Paris, 30 décembre, 15 h. 10.
En Belgique, nous avons gagné un peu de terrain dans la région de Nieuport, en face des polders, au nord de Lombaertzide.
L'ennemi a bombardé violemment Saint-Georges, que nous mettons en état de défense.
Nous avons enlevé un point d'appui allemand, au sud-est de Zonnebecke, sur la route de Bacelaers à Paschendaële.
De la Lys à l'Oise, rien à signaler.
Dans la vallée de l'Aisne et en Champagne, l'ennemi a manifesté une recrudescence d'activité qui s'est traduite surtout par un violent bombardement, auquel notre artillerie lourde a répondu efficacement.
De l'Argonne à la Moselle, canonnade sur tout le front. Elle a été particulièrement intense sur les Hauts-de-Meuse.
Dans les Vosges, l'ennemi a prononcé sur la Tête-de-Faux une attaque qui a été repoussée.
En Haute-Alsace, nous consolidons nos positions. Notre artillerie lourde a réduit au silence les obusiers allemands qui bombardaient Aspach-le-Haut.

LES VITRAUX DE SAINT-EPVRE

Du «  Journal de la Meurthe et des Vosges » :
«  Les vitraux de Saint-Epvre, réduits en miettes par le bombardement du zeppelin, étaient l'oeuvre de Carl Geyling, de Vienne. Il y en avait 72, qui coûtèrent 300.000 fr. au curé Trouillet et qui datent de 1867. Le plus célèbre était celui offert par François-Joseph et représentant saint François et sainte Elisabeth de Hongrie.
Ces vitraux furent exposés à Vienne et rapportèrent beaucoup d'argent à l'intrépide curé-bâtisseur.
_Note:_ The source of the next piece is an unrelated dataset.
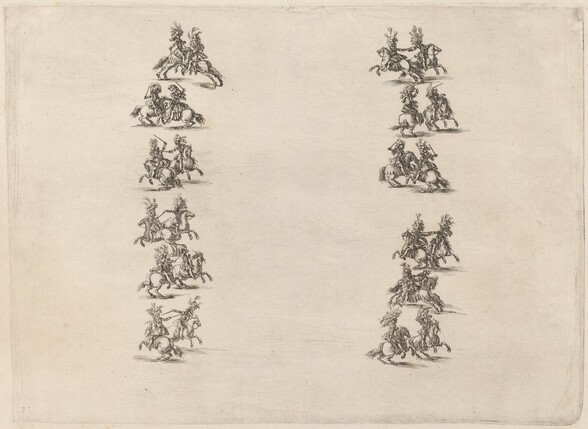 Cavaliers Fighting in Two Columns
Les vitraux anéantis en tout ou en partie sont : saint Léon IX et Pie IX, saint Henri, saint Gabriel, saint François, sainte Elisabeth, saint Ferdinand, sainte Marguerite. saint Hubert, sainte Anne, saint Paulin, saint Léopold, saint Ferdinand, sainte Madeleine, saint Mathieu, saint Luc, etc., etc.
Il semble bien qu'aucune verrière n'est intacte, et qu'il faudra des années pour refaire tout cet ensemble artistique.
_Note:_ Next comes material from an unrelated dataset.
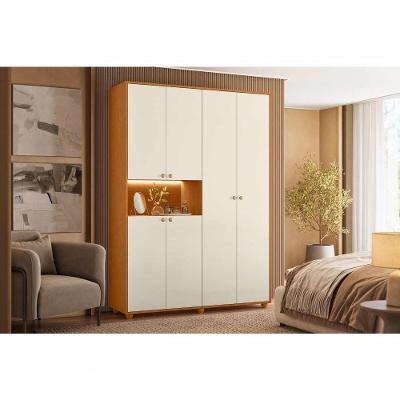 Guarda Roupa Casal Vittoria 4 Portas de Bater 2 Gavetas MDP com LED Cinamomo Off White Vittoria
On pourra, il faut l'espérer, remettre provisoirement en verre blanc ces grandes baies de Saint-Epvre, au moins pour le printemps prochain.
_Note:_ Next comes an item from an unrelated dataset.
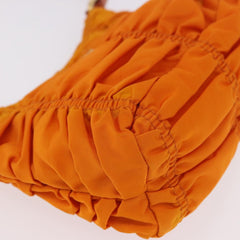 Prada Gathered Shoulder Bag Nylon Orange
Les admirateurs nancéiens de François-Joseph peuvent être satisfaits maintenant... le vilain sire, l'être ignoble qui a déchaîné tous ces crimes et ces monstruosités a mis le couronnement à sa honte !
Qu'il soit maudit par toute la Lorraine, par toute la France, par toute la Chrétienté ! »

RÉSUMÉ
DES PRINCIPAUX EVENEMENTS
de Décembre 1914

1er décembre. - Le général Joffre dit aux Alsaciens de la région de Thann : «  Notre retour est définitif. Vous êtes Français pour toujours ». - Le roi George et M. Poincaré se rencontrent sur le front.
2 décembre. - Nos troupes enlèvent Aspach-le-Haut, en Alsace, Lesménils et le Signal de Xon, sur la rive droite de la Moselle, et la Tête de Faux dans les Vosges.
7 décembre. - Les Allemands entrent dans Lodz. Les Russes sont devant Cracovie.
8 décembre. - Trois croiseurs allemands sont coulés par les Anglais près des îles Falkland. - Les Serbes reprennent l'offensive et repoussent les Autrichiens.
9 décembre. - Nos aviateurs bombardent Fribourg-en-Brisgau.
14 décembre. - La gare de Commercy est bombardée par des batteries tirant d'une très grande distance. Dégâts insignifiants. - Belgrade est repris par les Serbes. - Un aviateur français incendie un train allemand en gare de Pagny-sur-Moselle.
15 décembre. - Trois croiseurs allemands bombardent Hartlepool et Scarborough. 55 morts, 155 blessés.
17 décembre. - Le protectorat anglais est proclamé en Egypte.
22 décembre. - Rentrée des Chambres.
Déclaration ministérielle. - Un avion allemand jette deux bombes sur Nancy. Pas d'accidents.
26 décembre. - Dans la nuit du 25 au 26 décembre un Zeppelin survolant Nancy lance 18 bombes, qui tuent deux civils. - Saint-Dié est violemment bombardé de 9 heures et demie à 12 heures.
27 décembre. - Un avion allemand lance 4 bombes sur Nancy à midi, et un seconds à 2 heures et demie en lance trois autres ainsi que des fléchettes. Pas d'accidents.